Work to be completed
In the material below, the lines between the one holding "12555 SW 34th Pl , Davie, FL 33330 Photo" and the one holding "Dal, chicken fry...", inclusive, are to be set down word for word. Pictures stay out.

Dataset extract
***

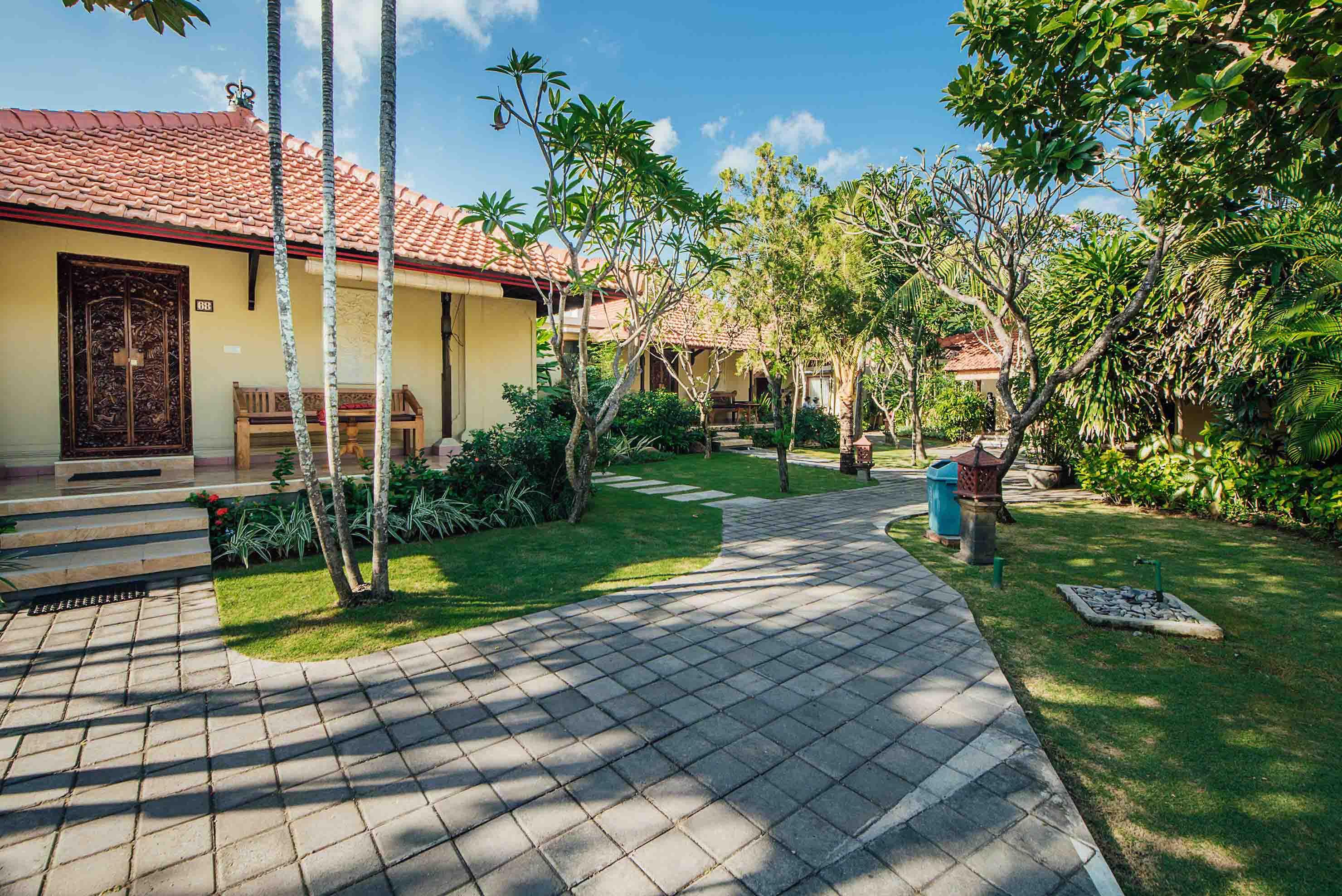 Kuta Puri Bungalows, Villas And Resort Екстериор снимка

***

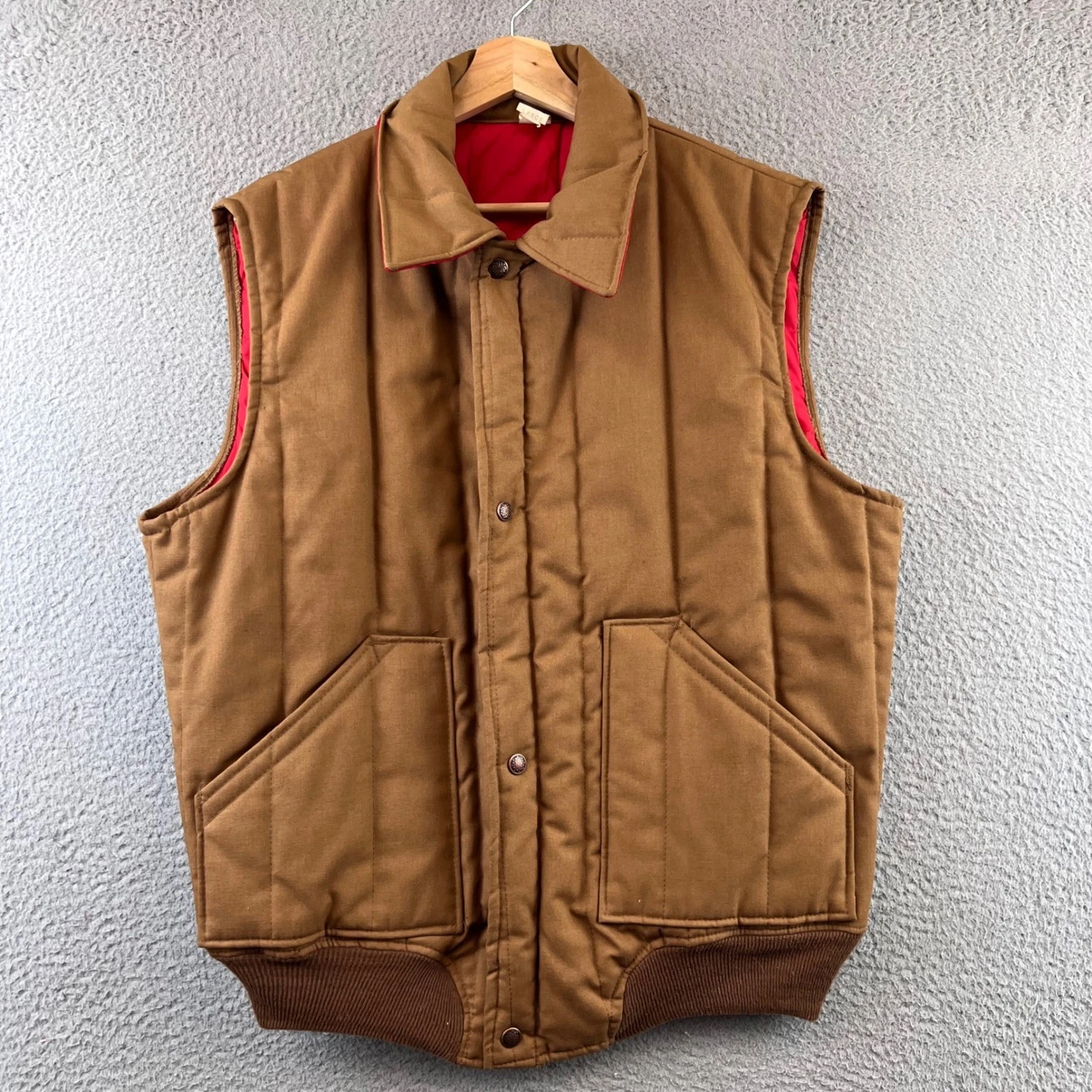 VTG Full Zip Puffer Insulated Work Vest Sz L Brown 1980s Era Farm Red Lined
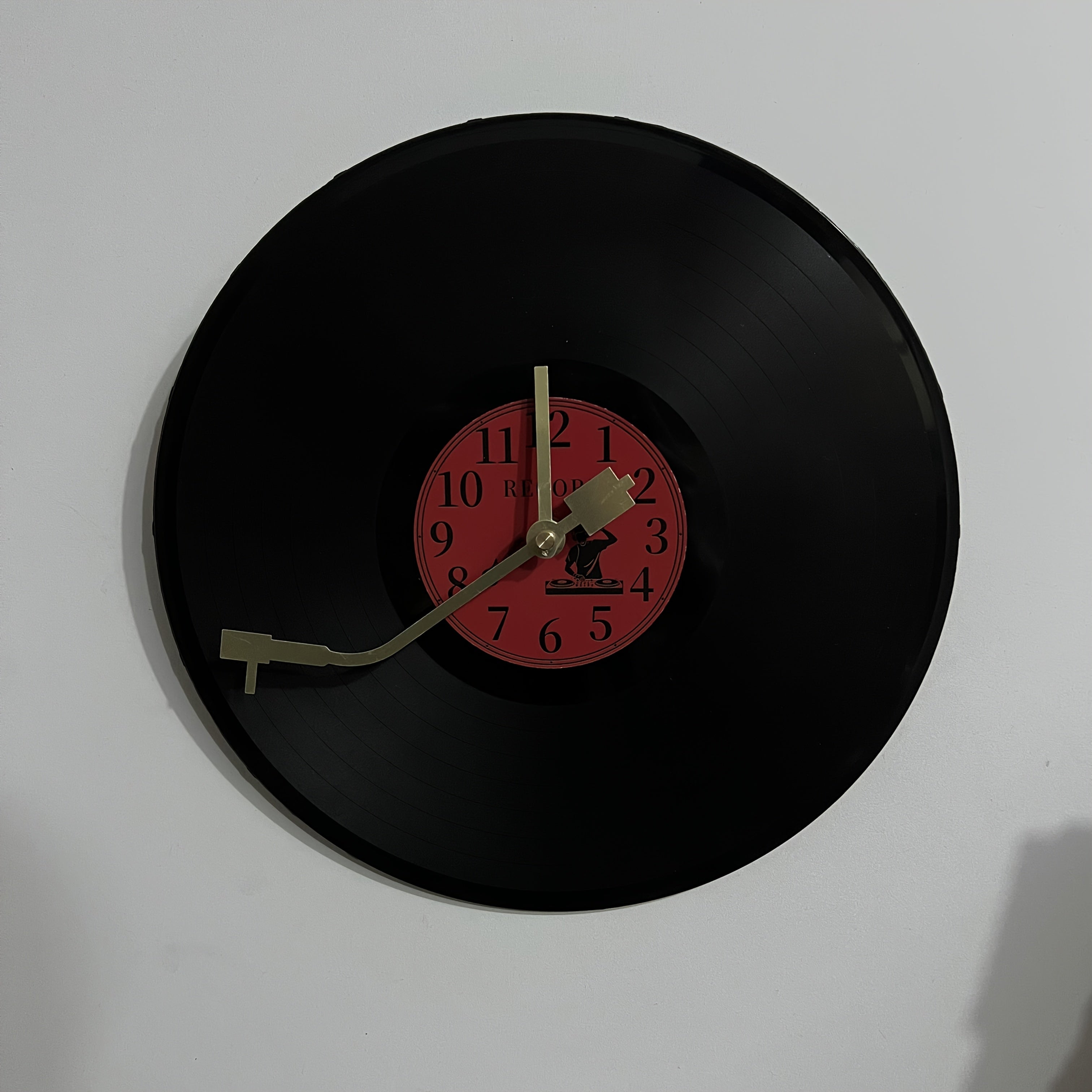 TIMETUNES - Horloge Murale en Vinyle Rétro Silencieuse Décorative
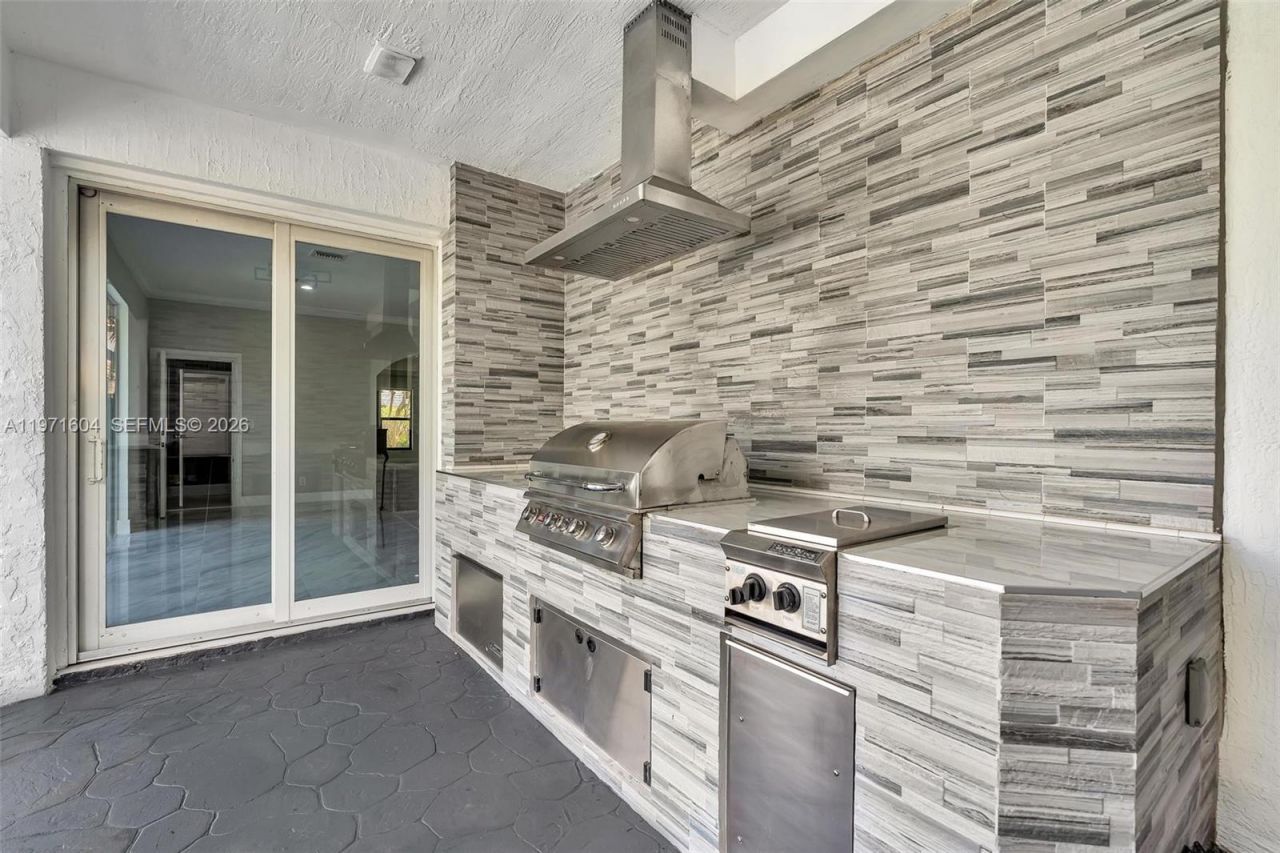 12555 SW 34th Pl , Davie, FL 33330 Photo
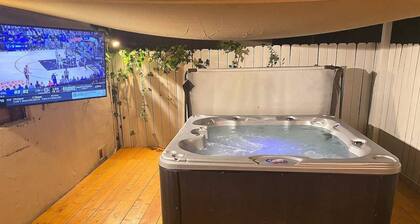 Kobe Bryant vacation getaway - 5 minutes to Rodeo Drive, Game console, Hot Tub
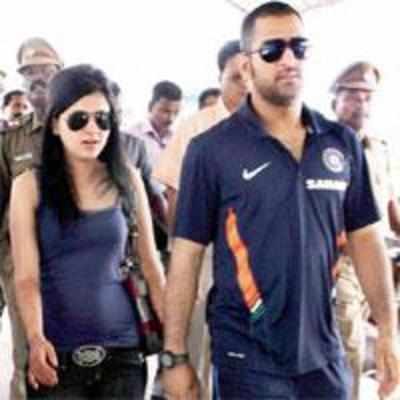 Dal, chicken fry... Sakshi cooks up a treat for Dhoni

***

Result
 12555 SW 34th Pl , Davie, FL 33330 Photo
 Kobe Bryant vacation getaway - 5 minutes to Rodeo Drive, Game console, Hot Tub
 Dal, chicken fry... Sakshi cooks up a treat for Dhoni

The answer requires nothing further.